У Насти рос живот, а отчим странно улыбался. Мама привела ее к женскому доктору, врач побледнел…
У Насти рос живот, а отчим странно улыбался. Мама привела ее к женскому доктору, врач побледнел…
Насте было пятнадцать, когда мама снова вышла замуж. Олег был приветлив, внимателен, даже чересчур. Мама говорила: «Ты должна радоваться, что у тебя теперь есть отец». Настя кивала. Молчала. А Олег странно смотрел, когда мама уходила в магазин. Принёс как-то шоколадку и сказал: «Ты стала совсем взрослая».
Прошло несколько месяцев. Настя перестала есть нормально — тянуло на кислое, кружилась голова. И живот… рос. Медленно, но заметно.
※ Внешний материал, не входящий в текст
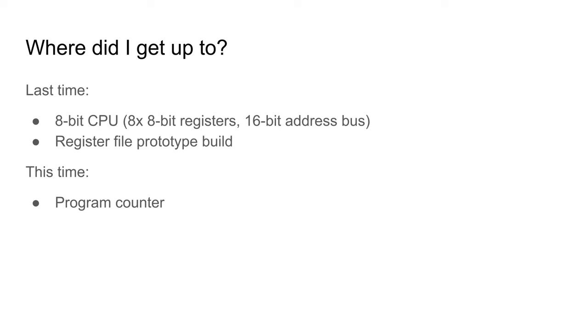Hello again. Last time I had a bit of a disaster with breadboards. I finally got my register file working though. In the meanwhile I went on a business trip. I've been very busy with work and so have had very little time to play with electronics. I'm very sorry that this video is pretty late. This time I want to show my program counter design and its implementation.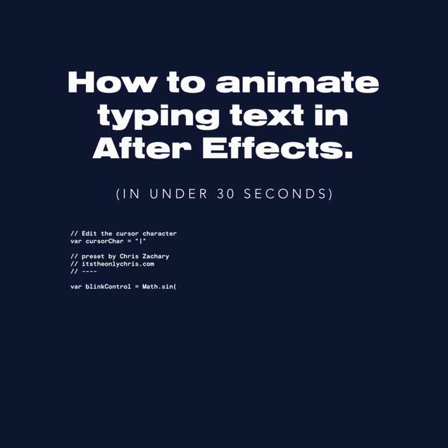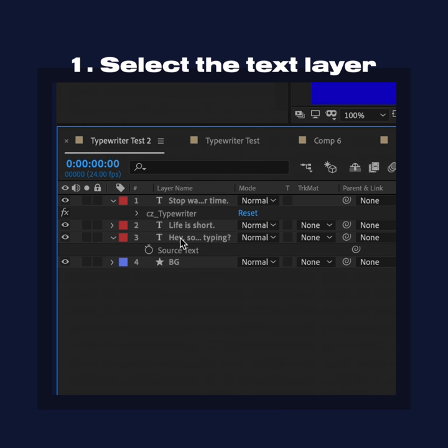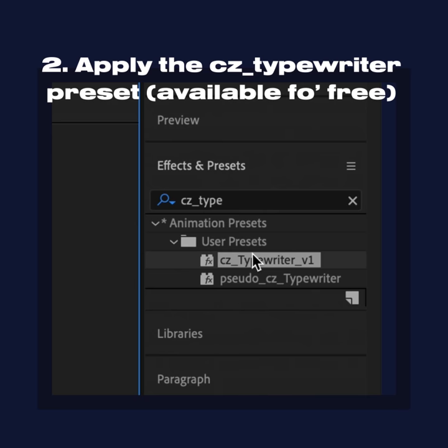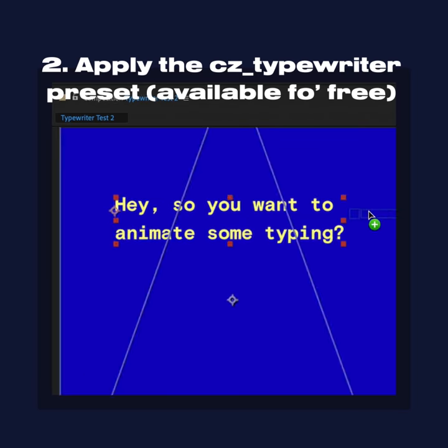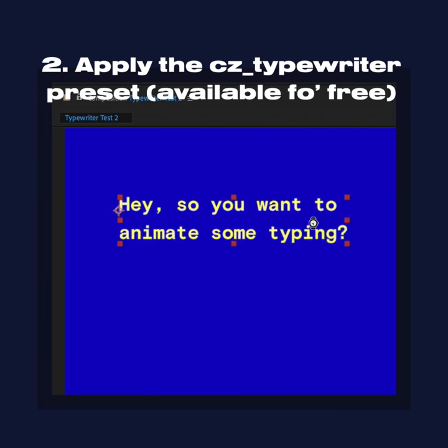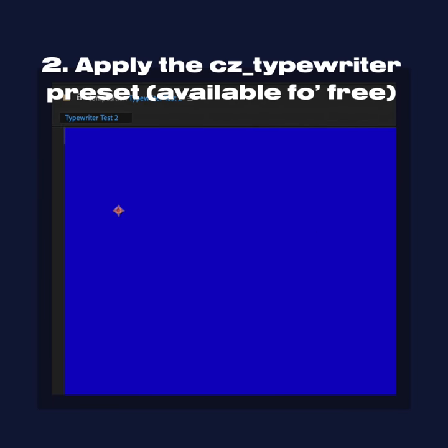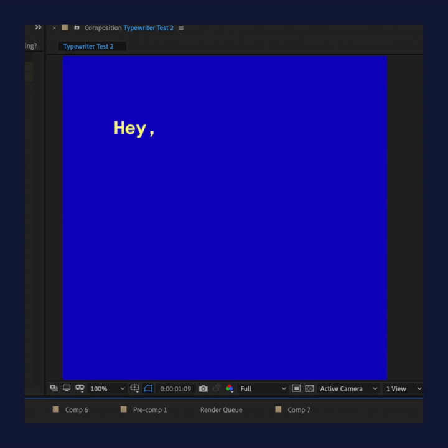How to animate typing text in After Effects. First you select your text layer, then you apply the preset that you can get on my website, and then you're done. It's just that easy.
Мама не замечала — всё крутилась вокруг новой жизни: муж, ремонт, фотки на кухне.
Однажды вечером, увидев, как Настя держится за живот и кривится, мама встревожилась:
— Ты заболела?
Настя хотела промолчать. Но… слёзы выступили раньше слов.
Наутро они поехали к гинекологу. Молодая врач, осмотрев Настю, побледнела. Зашла в соседний кабинет, позвала старшего врача.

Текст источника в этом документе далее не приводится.